ACTIVITY: Return exactly, please, the line that contains "Competing in Today's" and every line after it through the end of the material that follows, leaving pictures aside.

EXTRACTED DATA:
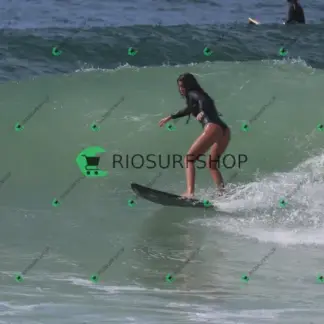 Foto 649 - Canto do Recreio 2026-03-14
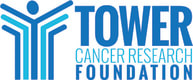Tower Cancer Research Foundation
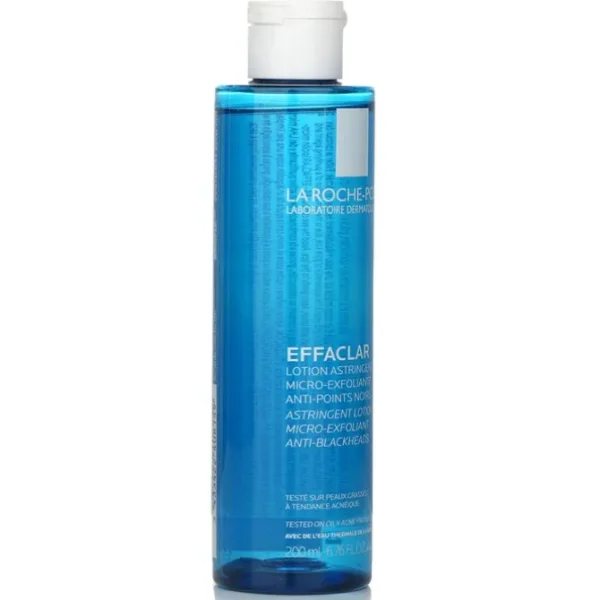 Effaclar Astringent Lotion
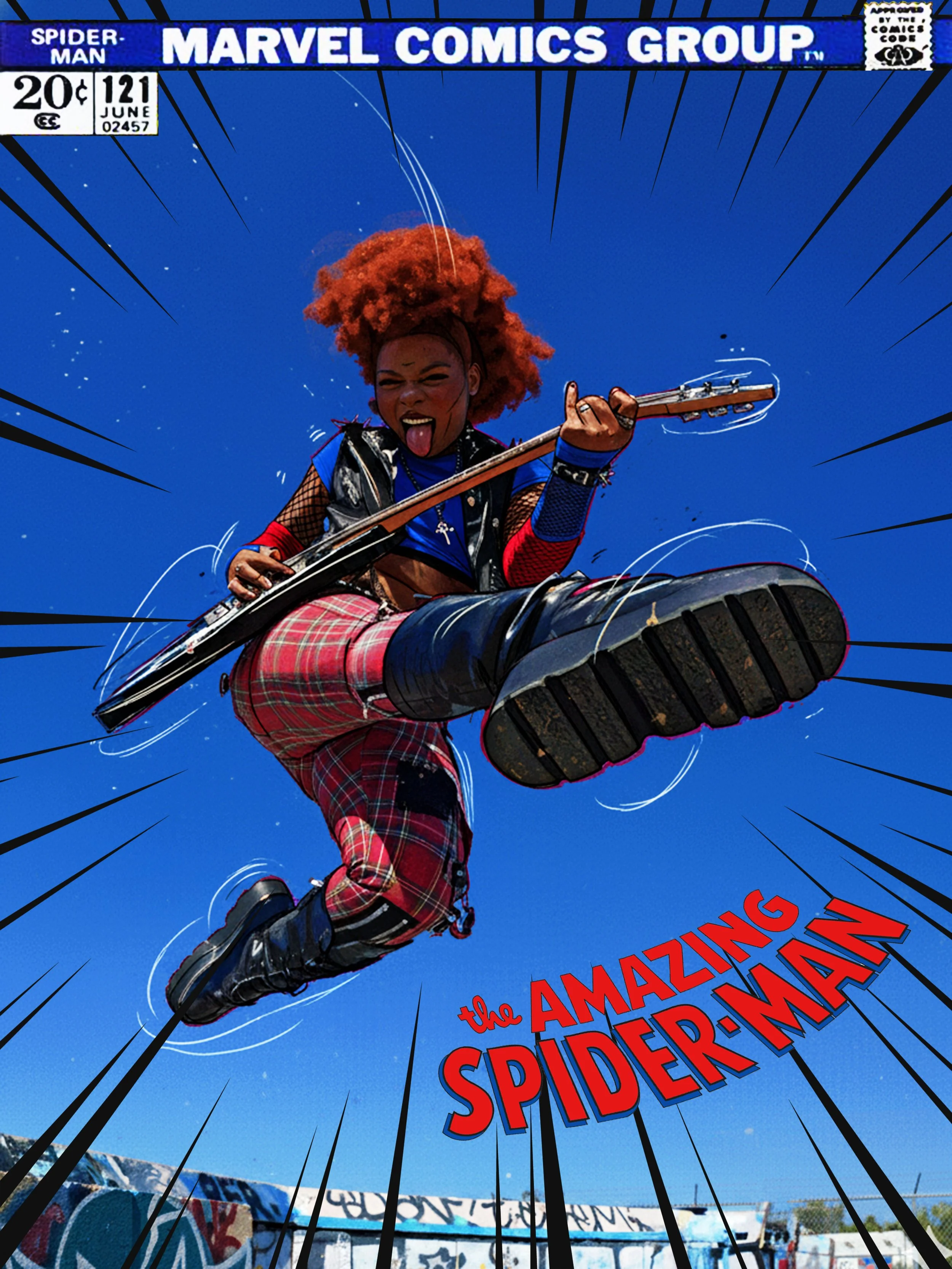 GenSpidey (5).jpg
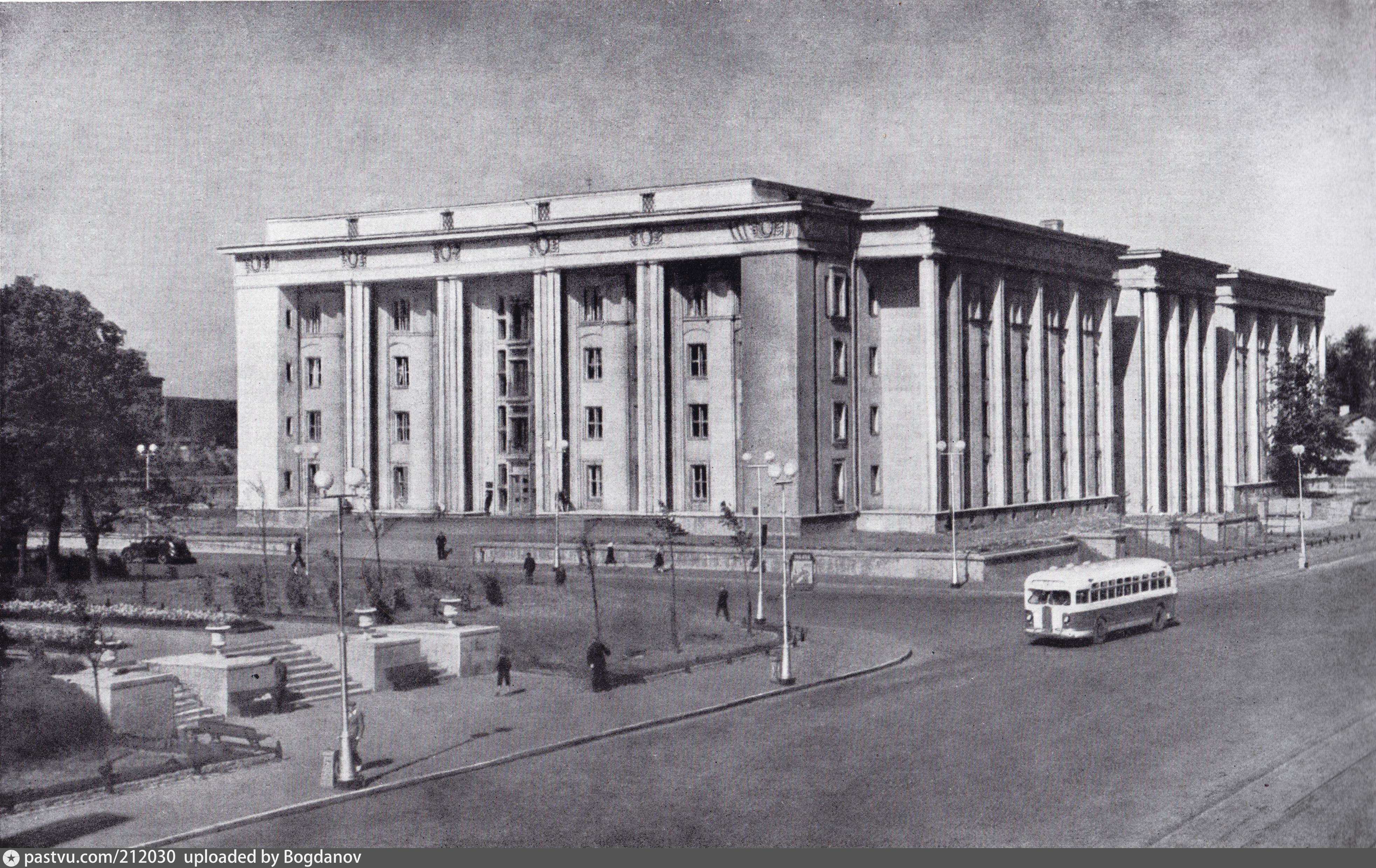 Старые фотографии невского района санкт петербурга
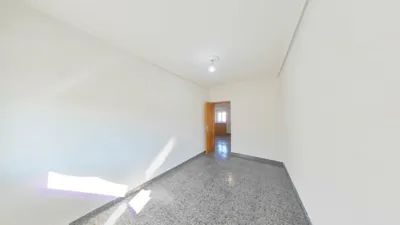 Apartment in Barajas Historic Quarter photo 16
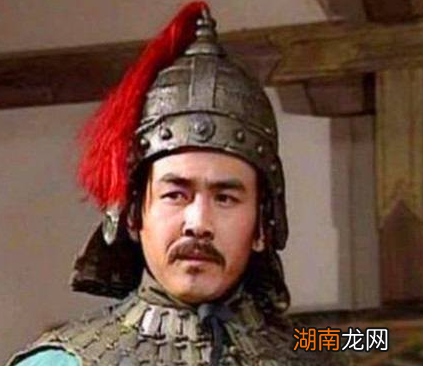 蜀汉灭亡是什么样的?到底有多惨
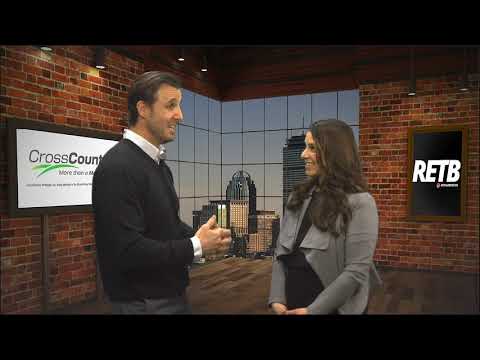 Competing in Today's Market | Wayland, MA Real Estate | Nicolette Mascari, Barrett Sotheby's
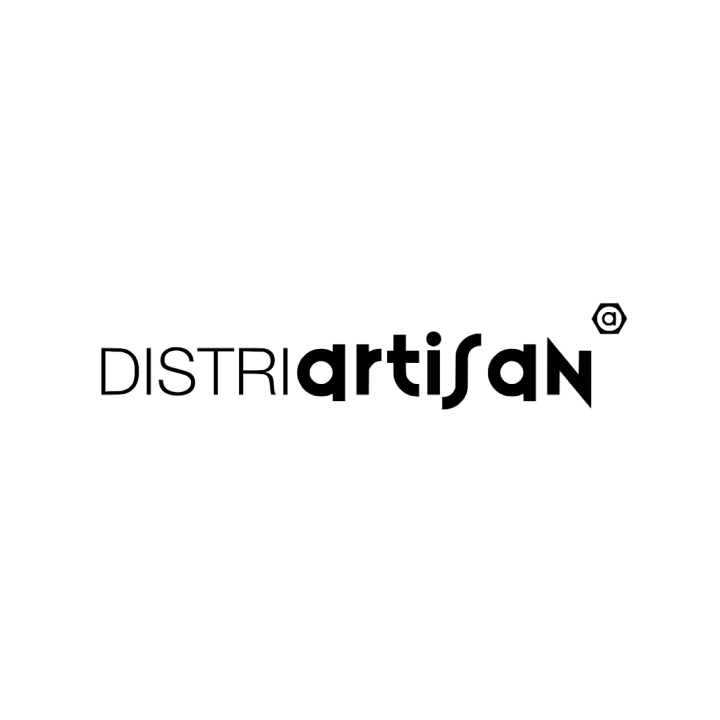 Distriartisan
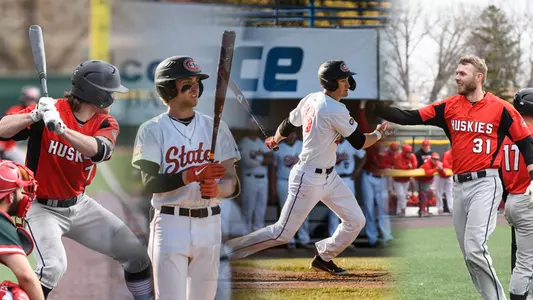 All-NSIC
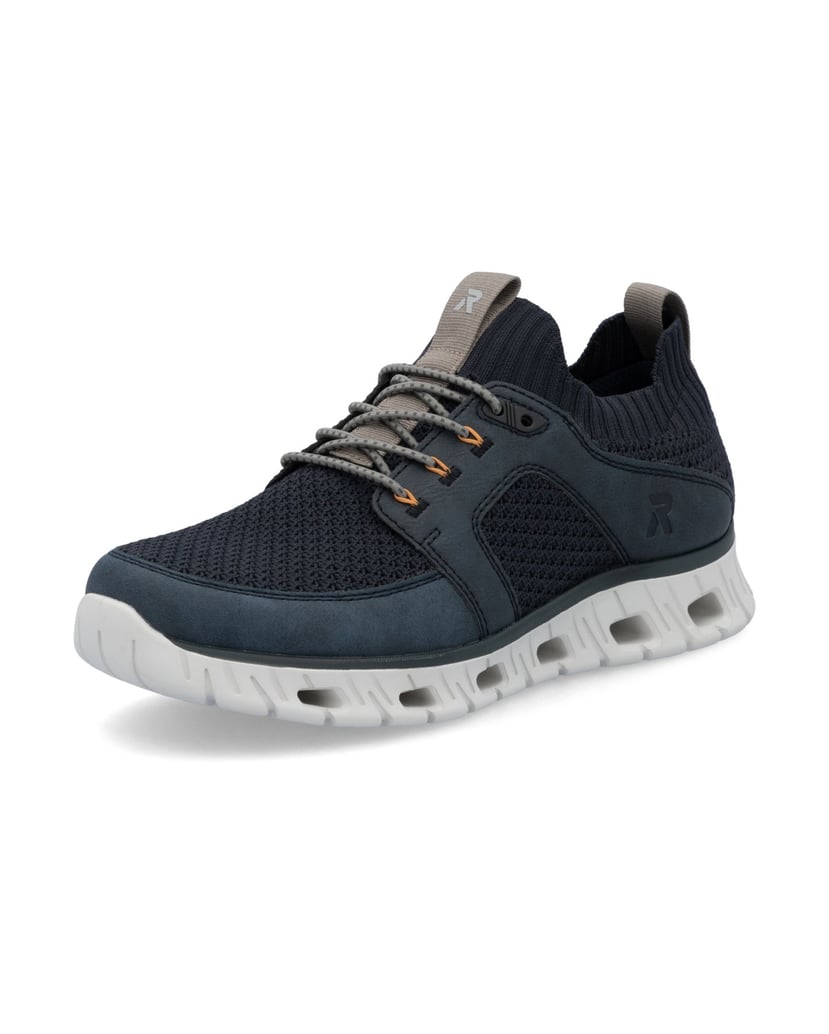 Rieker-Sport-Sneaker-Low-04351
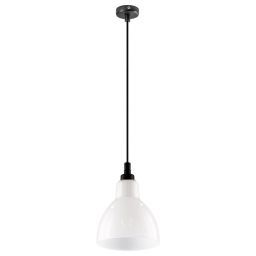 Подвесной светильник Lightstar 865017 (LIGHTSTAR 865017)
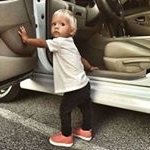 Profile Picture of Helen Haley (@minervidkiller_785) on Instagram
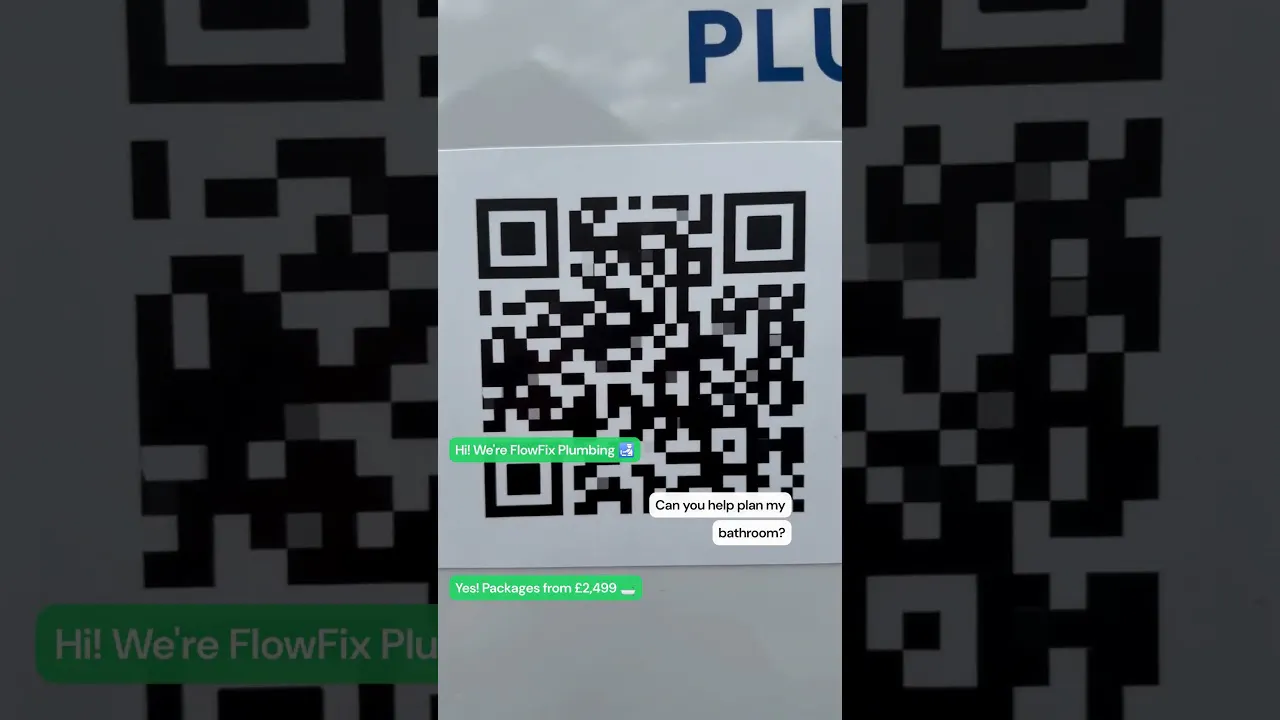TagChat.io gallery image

WRITTEN RESPONSE:
 Competing in Today's Market | Wayland, MA Real Estate | Nicolette Mascari, Barrett Sotheby's
 Distriartisan
 All-NSIC
 Rieker-Sport-Sneaker-Low-04351
 Подвесной светильник Lightstar 865017 (LIGHTSTAR 865017)
 Profile Picture of Helen Haley (@minervidkiller_785) on Instagram
TagChat.io gallery image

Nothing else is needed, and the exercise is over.